Postby Supplanter » Sun Aug 05, 2012 10:54 am

N01H3r3 wrote:Actually, from both playing and running games. If the Doom Pool is low, it signals an opportunity to rest and recover (because such will be easy). If the Doom Pool is still large, then recuperation is not so easy and there's a sense of a threat still looming large upon the horizon.

It's particularly effective if the Watcher makes a point of narratively equating the size of the Doom Pool with the trouble and mayhem caused by villains, collateral damage and so forth. In essence, the Doom Pool becomes a part of the problem to overcome, rather than just a resource for the GM. It kind of evokes that idea that a hero doesn't rest while other people are in danger.


Interesting! For the most part, I don't experience fluctuations in the doom pool that way, when playing a hero - they don't make me feel anything particular about the story. What makes me feel a particular way about the story are concrete fictional events. "The spaceship you left Cammi on is about to blow up." "There's a Hulk somewhere in Washington, DC." "Karl Lykos says SHIELD is on their way to kill him so he won't reveal the truth about their Antarctic operations." Contrariwise, You only have a 25% chance of succeeding at a healing roll feels, at best, mechanically inconvenient, and at worst, just kind of annoying.

It doesn't really represent an impetus to action, just an impediment to one set of them. That is, I can make a recovery roll whether the doom pool is small or large. It's simply that if it's large I may as well not bother. Meanwhile, if the spaceship is going to blow up, I'm going to try to get Cammi off the thing no matter the size of the doom pool. A five-die doom pool doesn't make me more inclined to try to save her than a two-die doom pool does.

Contrast that with a couple of other Cortex Plus mechanics. Put me in a Leverage Timed Action, where the bomb goes off in three beats? That's genuine mechanical reinforcement of narrative tension. If I want to keep that bomb from going off, I have to succeed at X, Y and Z within three rolls. Add a ticking Scene Complication (from MHRP: Civil War) to an action scene? It represents a concrete, fictional thing that is getting worse. Again, as a player, I feel a direct, esthetic connection between the mechanic and the story.

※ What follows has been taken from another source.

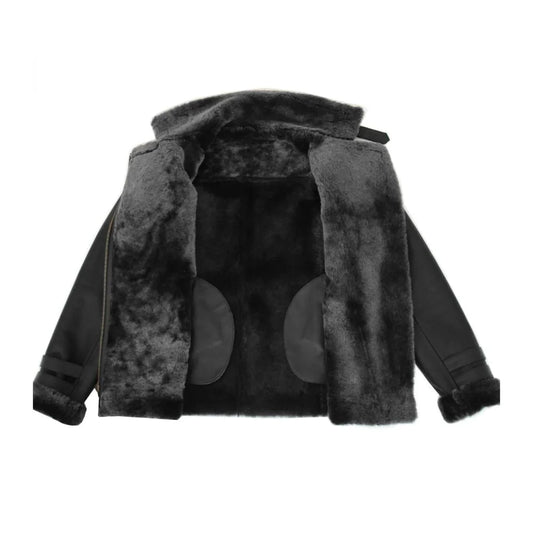 Women Black Belted Shearling Jacket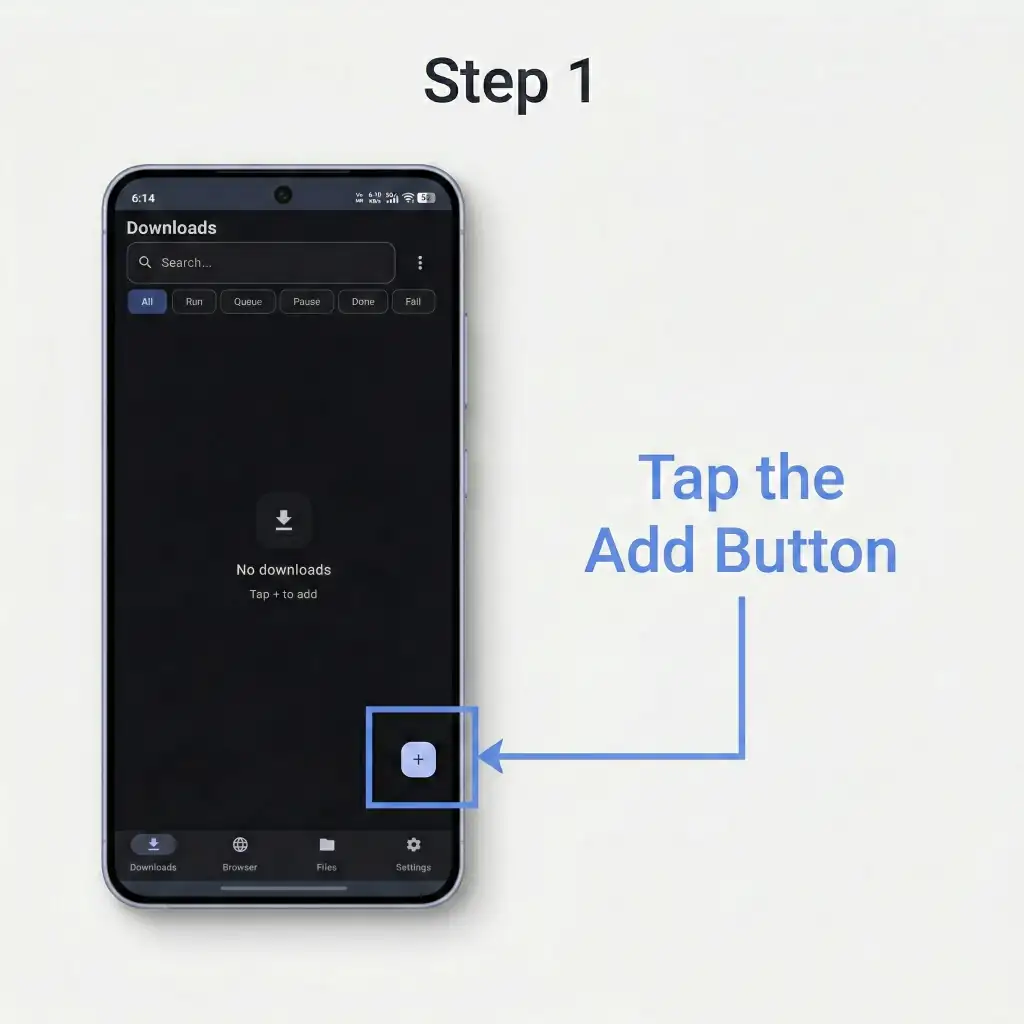 Step 1: Open KLDM app and tap the plus button to add a new download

Hm. Suddenly I'm thinking that the problem with trying to make the doom pool work as a tension meter is that it's Telling not Showing! It's a soup of polyhedral adjectives and adverbs when good storytelling requires verbs and nouns.

I can think of exactly one exception to the above in my experience so far. In the All-Star Marvels "Suicide Hulks" event, the Newvengers were tracking the final Hulk, in civilian form, through NYC, trying to prevent or minimize a rampage. In this case, there were two crucial contributors: 1) We knew by now that a Rampaging Hulk uses the doom pool. 2) Therefore, we could take actions directly against the doom pool to reduce or eliminate it - e.g. by covertly evacuating areas around the Hulk; deploying surveillance around him; getting rescue units into place. These actions were rolls against the doom pool, with successes removing doom dice. That drew a clear connection between the mechanical fact - large doom pool - and the fictional situation across the two crucial dimensions: we knew exactly what the doom pool represented and we had a meaningful course of action in direct response to that.

Doing all those things, even though they weren't fight-y, meant that we were in an action scene. But I suppose the fact that we rushed to enter that action scene - and exit transition - counts.

N01H3r3 wrote:Along those lines, in the game I regularly play in, other players in the group have even taken to viewing a failed action or reaction that removes a lot of dice from the Doom Pool (because the Watcher spent several dice to ensure that the hero fails) as a success in its own way.


Oh absolutely. As a Watcher, I particularly stress this when introducing new players. "You lost that roll, but since I spent three of my five doom dice in the course of it, it was a really effective loss."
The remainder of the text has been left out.